Thomas Piketty’s “Capital in the Twenty-First Century” has made a much bigger splash in the United States than it did in his native France. Tyler Cowen and Veronique de Rugy offer three hypotheses for why the superlatives have been more freely-flowing here: 1) Piketty has been a French intellectual darling for a while, so his Gallic public was already familiar with his thinking about inequality; 2) the zeitgeist in France has turned away from raising taxes to cutting them; and 3) some French economists have recently challenged Piketty’s empirical claims.
I’ll add another possibility to the mix: inequality at the top end of the income distribution has grown much more in the United States than it has in France.
In the United States, the share of pre-tax income going to the richest 1% has more than doubled in the last three decades, reaching almost 20% in 2012, according to calculations from the Organization for Economic Cooperation and Development. During roughly the same period, the share of pre-tax income received by the top 1% in France barely budged.
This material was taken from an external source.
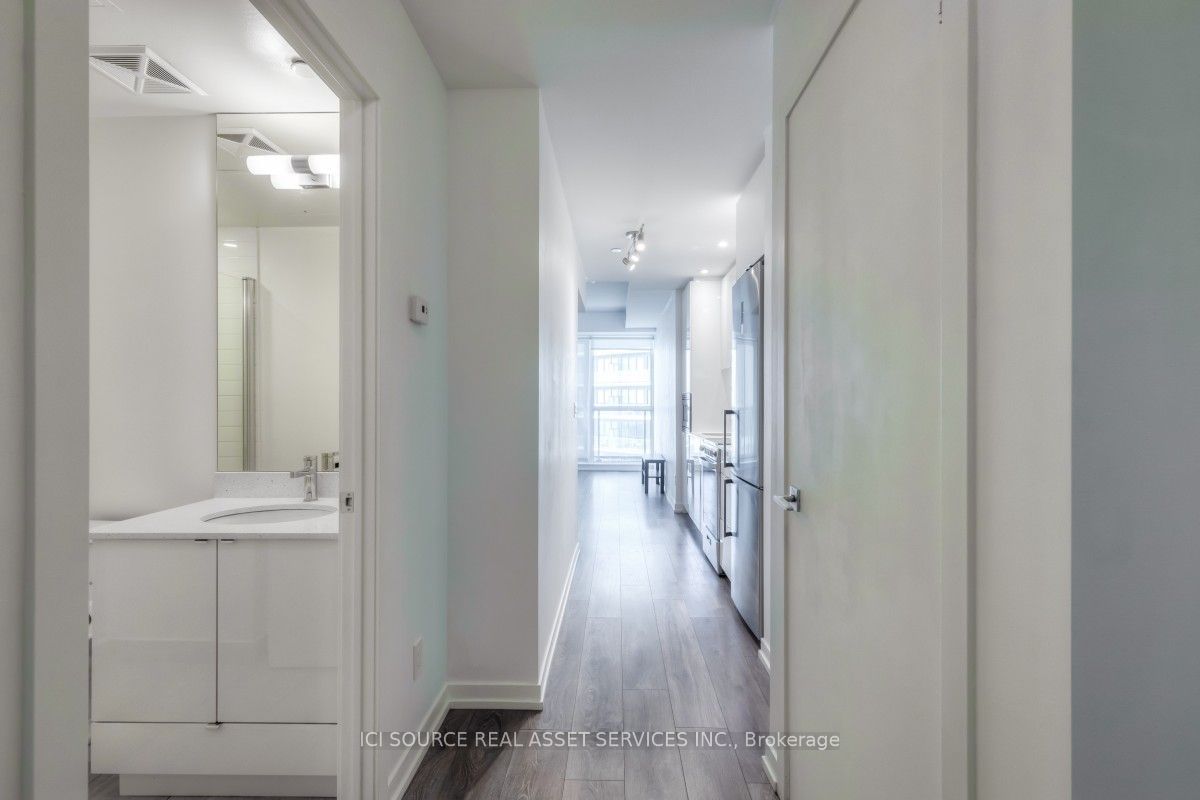 49 East Liberty St, unit 1506 for rent - image #12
Additionally, as I’ve written before, historical polling data suggest that Americans care much more about inequality when they feel their own living standards are falling behind or stagnating (as they have been in recent years; look at median household incomes, for example). When a rising tide seems to be lifting all boats, Americans are (relatively) fine with the rich getting much richer.
I don’t know if this correlation between the typical person’s perceived personal mobility chances and his objections to inequality also exists for the French. It certainly seems possible. (Readers, if you know of relevant poll data, let me know.) If it does hold true, it might also help explain why the French public cared less about Piketty’s 700-page tome on inequality than Americans seem to.
Check out income trends in France, and you’ll find that overall income growth was more modest there than in the United States over the last few decades — but the living standards for the bottom 90% of French people improved more than did those for the bottom 90% of Americans. In this sense, the “rising tide” was actually larger for the typical French person than it was for the typical American.
From the O.E.C.D. report:
From the mid-1970s to the late 2000s, the United States average income grew at an annual rate of 1%. However, the vast majority of the population did not see their incomes rising by anything close to this rate. In fact, if one strips out the growth that went to the top 1%, the annual growth rate of the remaining 99% was only 0.6%. Excluding the top income percentile may also change considerably the country ranking in terms of annual income growth. For instance, average real income growth is lower in France than in the United States over the period, but France performed better than the United States when considering income growth of the bottom 99%.
Addendum: A French economist I met recently also noted that the book is even longer in French than it is in English (nearly 1,000 pages vs. about 700, respectively). Perhaps that is holding back its success ever so slightly in France?
Also, and more importantly, I realized I that I repeatedly misspelled Piketty’s name in the earlier version in this post! The spelling has been corrected.